Les syndicalistes réclament la réintégration des ouvriers révoqués à la CODEVI

Les ouvriers de la sous-traitance ont fait entendre une fois de plus leur voix. En conférence de presse ce mardi 27 mai 2019, les représentants de la Confédération des travailleurs des secteurs public et privé (CTSP), de la Confédération des travailleurs haïtiens (CTH), de la Centrale nationale des ouvriers haïtiens (CNOAH), et de la CSH ont pris la défense des ouvriers révoqués à la Compagnie de développement industriel (CODEVI) le 21 mai. Les défenseurs de la cause ouvrière ont exigé la réintégration des ouvriers révoqués, la prise en compte des jours passés entre-temps sans travail, l’action du ministère des Affaires sociales pour faire respecter la liberté syndicale.

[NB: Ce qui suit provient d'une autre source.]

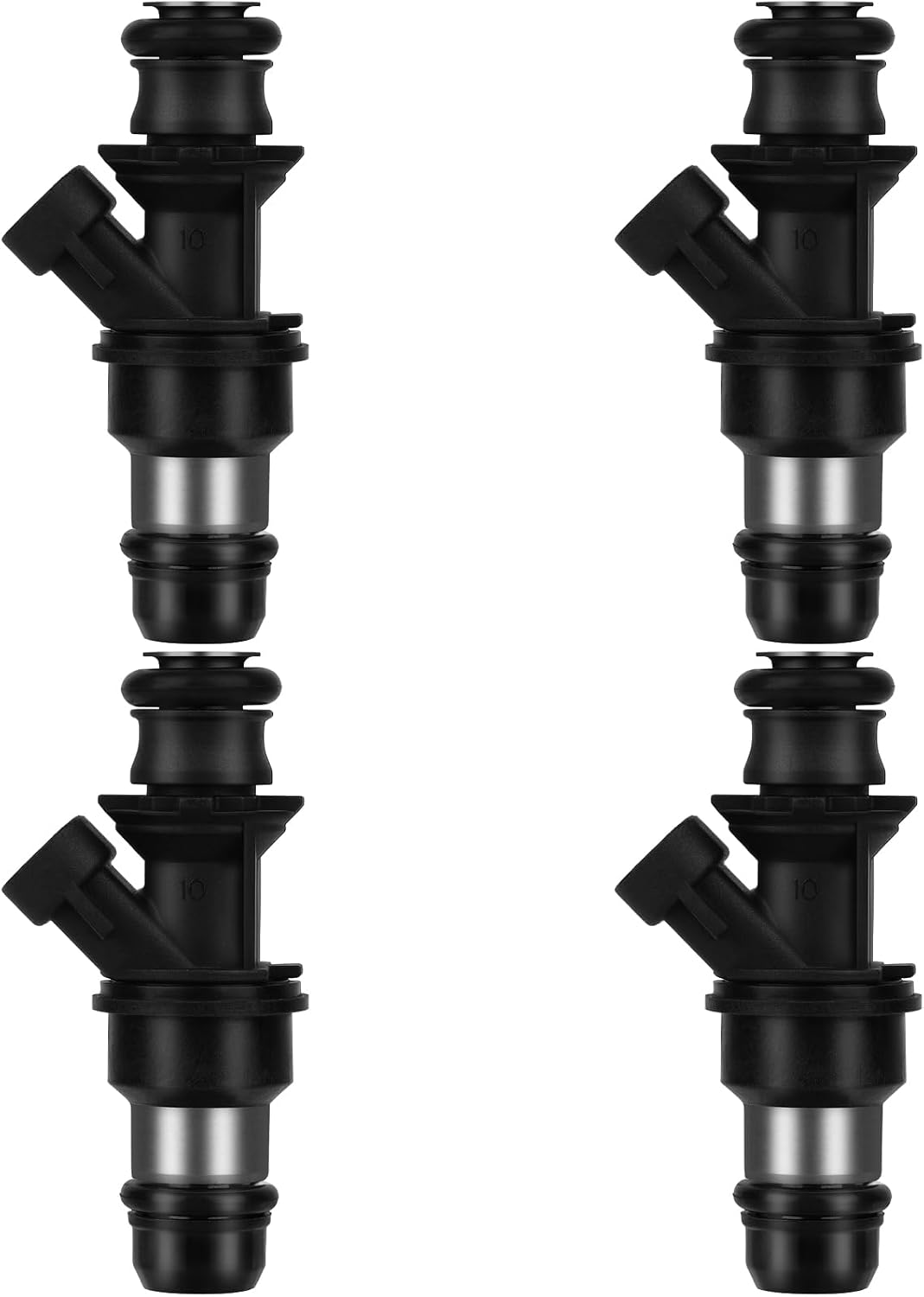 4 Inyectores Combustible Comp S10 2.2L 00-03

Publié le 2019-05-29 | lenouvelliste.com

Les ouvriers révoqués de la Codevi ont été blanchis selon le verdict des syndicalistes. À entendre le jugement de ces derniers, les ouvriers révoqués, membres du syndicat de la CODEVI, méritent d’être réintégrés et dédommagés. « Ces syndicats n’ont pas lancé de grève. Ils n’ont jamais participé dans des actes de représailles à CODEVI. Ils ont été révoqués parce qu’ils sont syndicalistes. Ils n’ont rien à voir avec le soulèvement des ouvriers », a garanti le secrétaire général du CSH René Prévil Joseph, après avoir énuméré des syndicats d’ouvriers de CODEVI affiliés à la CTSP dont les membres ont reçu une lettre de révocation. Dénonçant le caractère illégal de ces révocations, le militant a assimilé le récent soulèvement des ouvriers de la CODEVI à un mouvement spontané pour exprimer leur refus de verser les frais d’IRI alors qu’ils ne reçoivent aucun service en retour.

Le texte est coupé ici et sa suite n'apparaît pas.